Suite aux débordements du stade du Heysel en Belgique – 39 morts en 1985 - les autorités ont grandement développé leurs bases de données sur les supporters violents. Fini l’alcool autour des matches, les portiques de sécurité sont obligatoires et les sorties de stade ne se font plus simultanément pour les groupes de supporters « sensibles ».
Symbole de cette politique, à l’occasion de l’EURO 2016 fut lancée au Stade de France, à Saint-Denis, la nouvelle convention européenne renforçant la sécurité des stades. Une initiative du Conseil de l’Europe.
Le Brexit affaiblira les clubs Anglais.
Dernier épisode en date du long feuilleton qui lie le football à la politique européenne, le Royaume-Uni s’est embourbé dans un match impossible à remporter qui se nomme le Brexit, un penalty face à 27 équipes. Michel Barnier, le représentant de l’Union européenne dans les négociations, a dû rappeler au gouvernement britannique que « Brexit is not a game ». En effet, les supporters anglais ont peut-être voté Leave au référendum de 2016, mais ils ne savaient peut-être pas que la construction européenne avait été si généreuse envers le football outre-Manche. La moitié des joueurs de Chelsea sont Européens non Britanniques, comme 12 des joueurs d’Arsenal ou de Manchester United. Les clubs anglais n’auraient jamais atteint leur niveau de jeu actuel sans le marché unique, dans une Premiere League plus strictement anglaise.
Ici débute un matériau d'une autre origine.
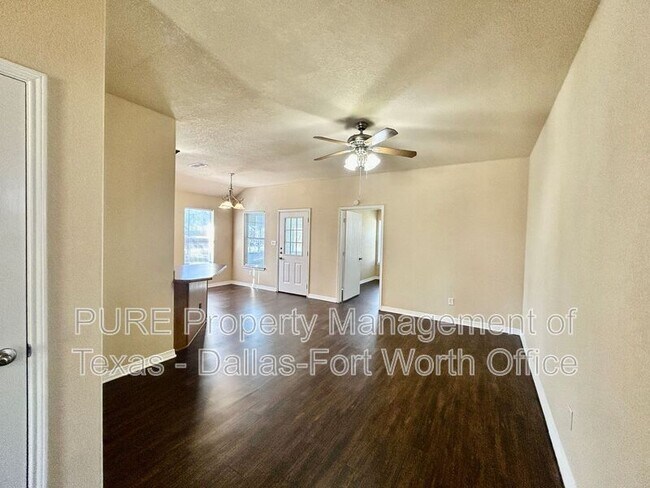 Foto del edificio - 208 W Franklin Ave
L’état du football ne reflète-t-il pas celui de l’Europe ? De belles réussites, mais tant reste encore à faire pour les petits clubs économiquement plus fragiles, pour éradiquer la corruption ou le racisme dans les stades. Le prochain grand match se tiendra en mai 2019 et tout le monde y est convié : les élections européennes. Or l’histoire de notre continent nous rappelle que voter n’est pas un jeu. Soutenir tel ou tel parti aura des conséquences sur l’Europe que nous voulons, de la lutte contre l’évasion fiscale à la xénophobie, car, au Parlement européen aussi, il est essentiel de participer.